Outro agravante na questão é que, segundo o Ipec, consultoria especializada no mercado consumidor brasileiro, o crime organizado domina 41% do comércio ilegal de cigarros.
- 13% é o imposto médio pago no cigarro no Paraguai. No brasil a alíquota varia entre 70% e 90%
- 57% é a fatia do comércio ilegal de cigarros no mercado brasileiro até 2019, em 2015 a participação era de 39%
Preço x consumo
Pery Shikida, professor da Unioeste, em parceria com Mário Margarido e Daniel Komesu, acompanhou a evolução desse segmento no estudo Elasticidades no Mercado Brasileiro de Cigarros. Segundo Shikida, o aumento de impostos, no período estudado, provocou diminuição de arrecadação.
“O imposto mais caro para cigarros foi responsável pela queda de 1,39% ao ano”, afirmou. “Apesar da maior incidência de tributos sobre os cigarros, que subiu 67% no período de janeiro de 2012 a setembro de 2021, a arrecadação registrou uma tendência de queda ano a ano a partir de 2014.”
Paralelamente houve “aumento da participação do mercado ilícito do produto no País, que cresceu, em média, 8,79% ao ano”. A lógica, de acordo com Shikida, é simples: aumento de preço não inibe consumo. Isso porque o consumidor tem à disposição o ilegal: mais barato e acessível. O que acontece, portanto, é uma migração.
Senador afirma que precisa haver redução de impostos nos itens originais para que os produtos falsos não tenham ainda mais vantagens econômicas
Nos últimos 11 anos, os dados mostram que foram mais de R$ 94 bilhões de perdas em evasão fiscal. A participação do comércio ilegal de cigarros passou de 39% (em 2015) para 57% (2019).
O presidente do Fórum Nacional de Combate à Pirataria e à Ilegalidade, Edson Vismona, corrobora as conclusões de Shikida.
“O modelo tributário é uma ferramenta capaz de enfraquecer o contrabando, desde que não onere ainda mais os produtos brasileiros.”
Edson Vismona, do Fórum Nacional de Combate à Pirataria e à Ilegalidade
Ele diz que a mercadoria fabricada no Brasil e o produto importado legalmente não podem ter aumento de impostos. “Se aumentar, o contrabando se favorece imediatamente. O ilegal ganha competitividade e será muito mais favorável à sua venda.”

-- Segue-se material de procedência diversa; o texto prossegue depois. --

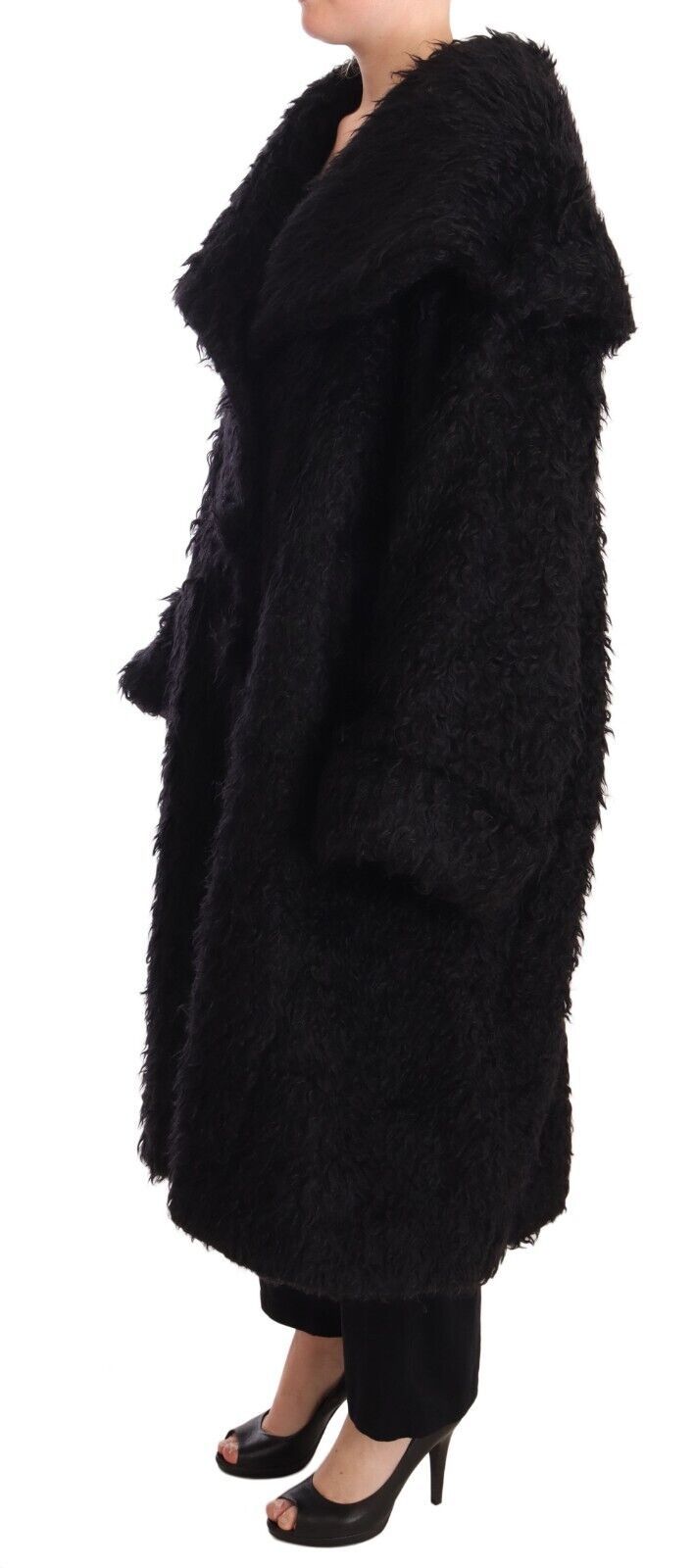 Black mohair fur cape trench coat by Dolce & Gabbana, featuring a luxurious textured fabric and elegant design.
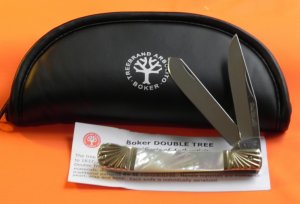 Boker "Double Tree" Trapper w/ Flawless & Fiery Mother of Pearl Handles & Fancy Bolsters -WOW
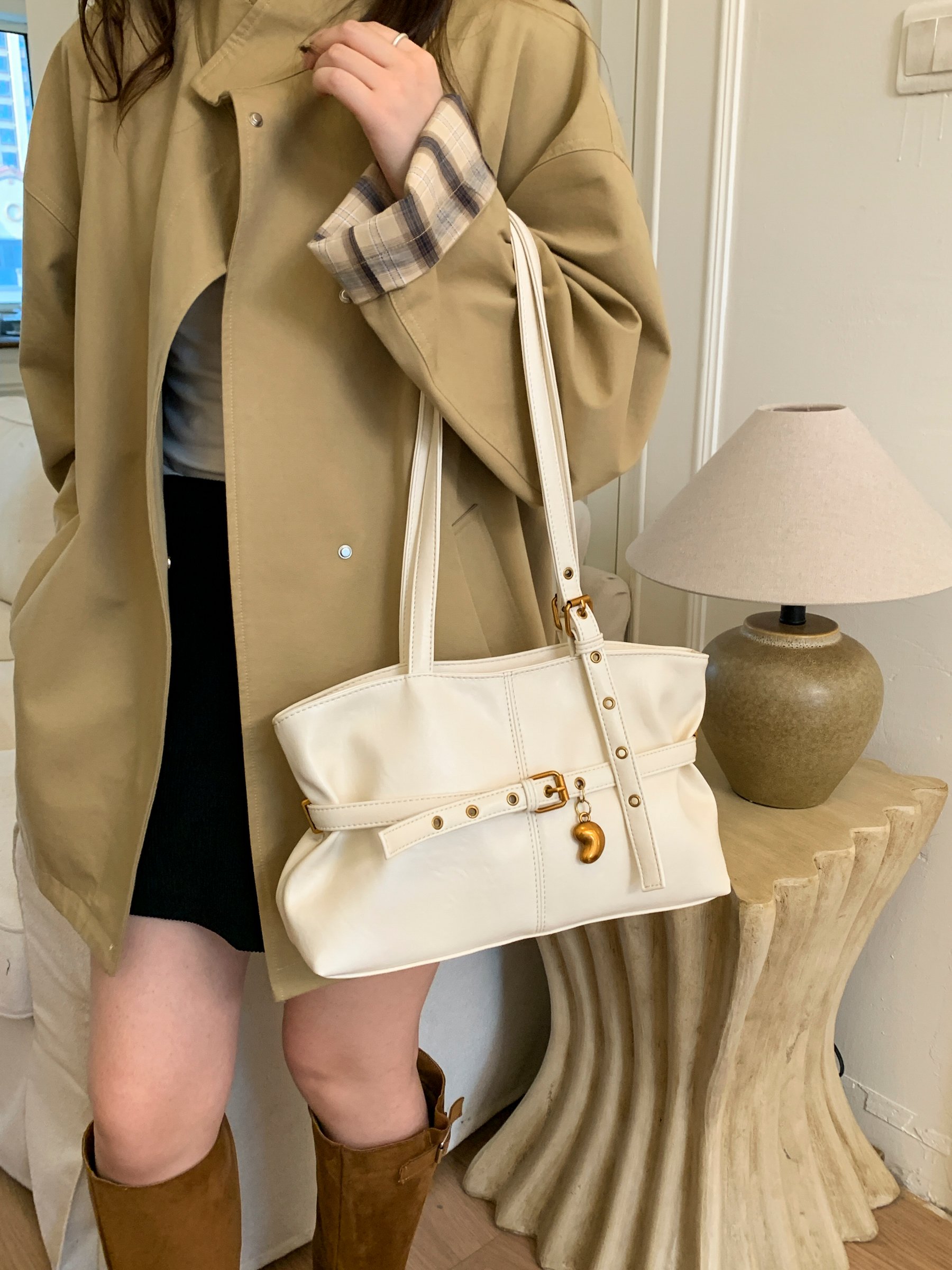 Beige Shoulder Bag with Buckle Detail
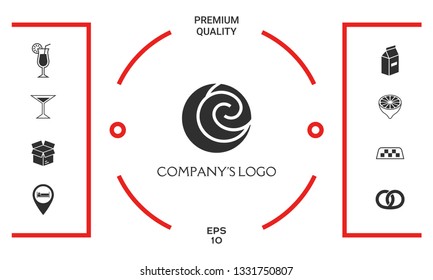 Logo - two spirals are located asymmetrically in a circle - a symbol of interaction, new ideas, development.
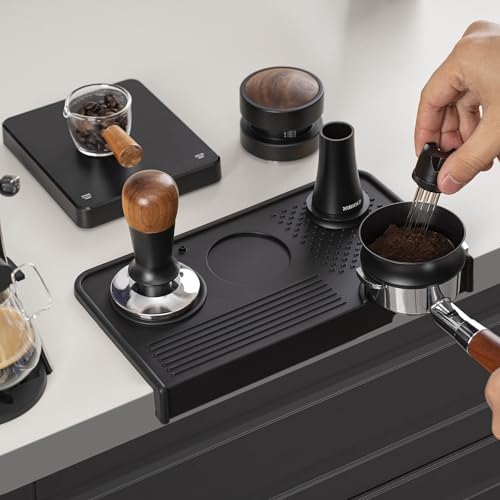 Espresso Tamping Mat, Coffee Tamper Mat, Food Grade Silicone 10.43″×5.63″ Portafilter Mat for Barista Espresso Machine Acceessories, Waterproof Heat Resistant Tamp Station for counter (Black)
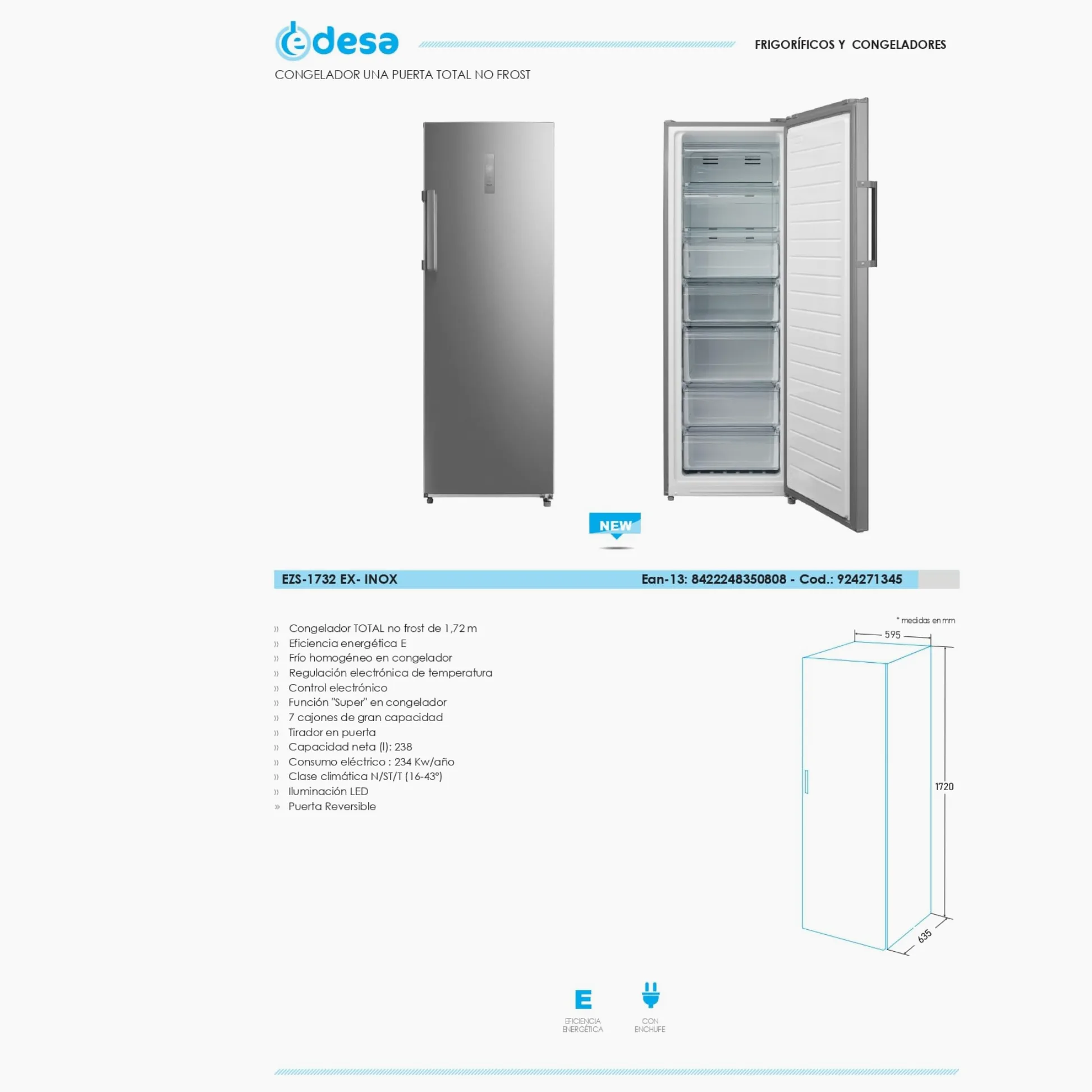 Edesa Congelador EZS-1732 EX/A Total No Frost, Regulación Electrónica de Temperatura, 7 Cajones de Gran Capacidad, Iluminación LED, Control Electrónico, Ancho 63,5 cm, Color Blanco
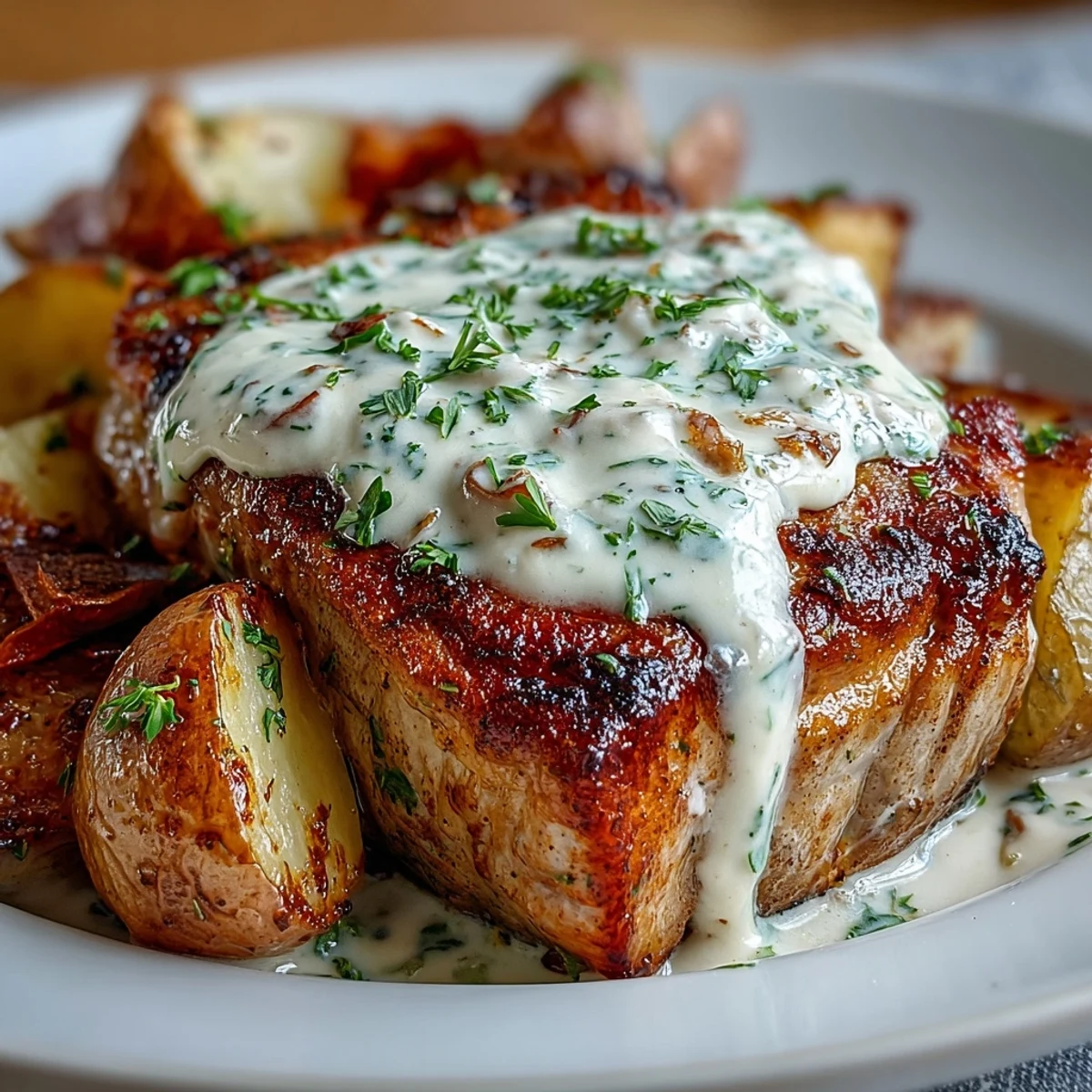 A comforting serving of Crockpot Ranch Pork Chops and vegetables, smothered in creamy ranch gravy in a rustic slow cooker.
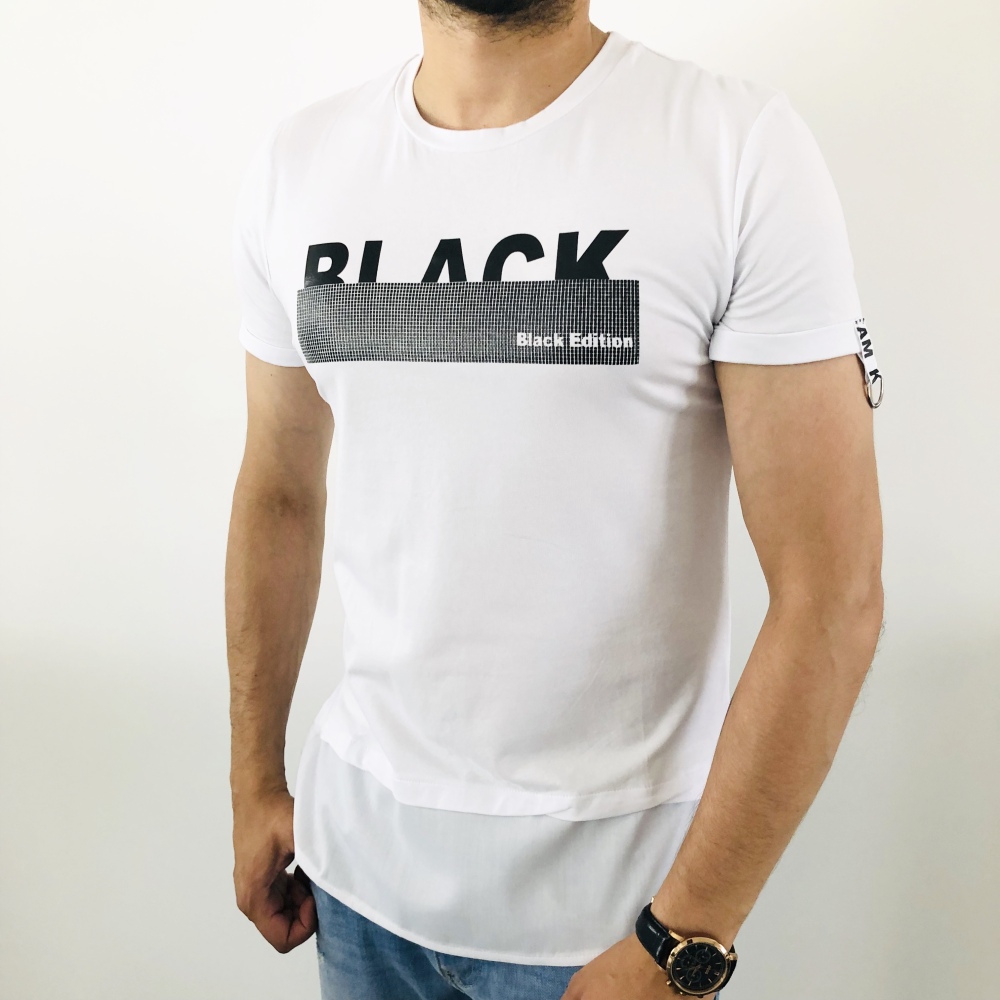 T-shirt pour homme fashion ultra slim blanc avec imprimé black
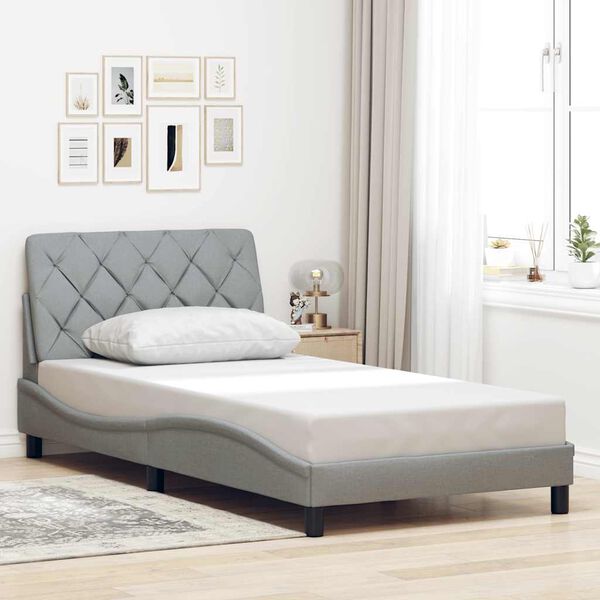vidaXL Bed Frame without Mattress Light Grey 100x200 cm Fabric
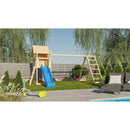Maison de jeux pour enfants Akubi "Frieda" SET ACTION2 naturel avec extension, balançoire double, structure d'escalade et toboggan bleu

Segundo Vismona, é inegável que a luta passa pelo combate à oferta e demanda do cigarro ilícito, “e a oferta é enfrentada através da repressão, ao impedir a circulação de produtos ilegais”.
E acrescenta que o contrabando é dominado pelo crime organizado e milícias. “Por isso, não é inteligente que o combate seja feito unicamente pela repressão. Para diminuir a atratividade dos produtos ilegais a questão tributária é imprescindível.” No mundo moderno isso significa quebrar o crime sendo mais inteligente que ele.